John Binns, a 21-year-old American who moved to Turkey a few years ago, told The Wall Street Journal he was behind the security breach. He said the company’s lax security eased his path into a cache of T-Mobile records. “Their security is awful,” Mr. Binns told the Journal.

It wasn’t immediately clear whether Mr. Binns worked alone or with help. T-Mobile said Friday the attacker first pierced the company’s testing environments before gaining access to other systems through brute-force attacks and other methods.

The breach is the third major customer-data leak that T-Mobile has disclosed in the past two years. The company is the second-largest U.S. mobile carrier with roughly 90 million cellphones connecting to its networks.

The Seattle office of the Federal Bureau of Investigation is investigating the incident, the Journal reported. Mr. Sievert said T-Mobile is cooperating with law enforcement on a criminal investigation.

Mr. Sievert, who joined T-Mobile in 2013, took over as the company’s CEO in 2020 from longtime boss John Legere. The handoff happened just as the carrier was closing the takeover of its rival, Sprint Corp., forming a bigger nationwide carrier to compete with peers AT&T Inc. and Verizon Communications Inc.

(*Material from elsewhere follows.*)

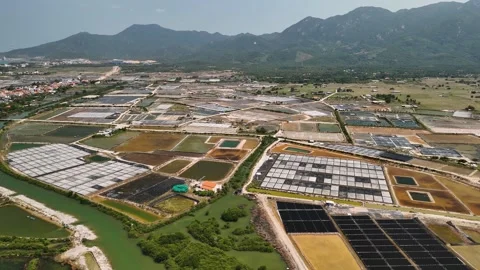 Aerial view of salt fields and evaporation ponds for salt production in nha.. Video stock 335025907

“We know we need additional expertise to take our cybersecurity efforts to the next level—and we’ve brought in the help,” Mr. Sievert wrote in Friday’s letter.

He said T-Mobile hired Mandiant to conduct a forensic investigation since it learned about the incident. KPMG’s cybersecurity team will review T-Mobile’s security policies and performance measurement, Mr. Sievert said.

“To say we are disappointed and frustrated that this happened is an understatement,” Mr. Sievert said. He added that the company is confident that it has closed the security hole the hacker accessed and that there isn’t an ongoing risk to customer data from the hack.

The company has notified nearly all current T-Mobile customers or primary account holders who had their data compromised, Mr. Sievert said. Among other measures, the company is offering two years of free identity-protection services with McAfee’s ID theft protection to those who might have been affected by the breach, he said.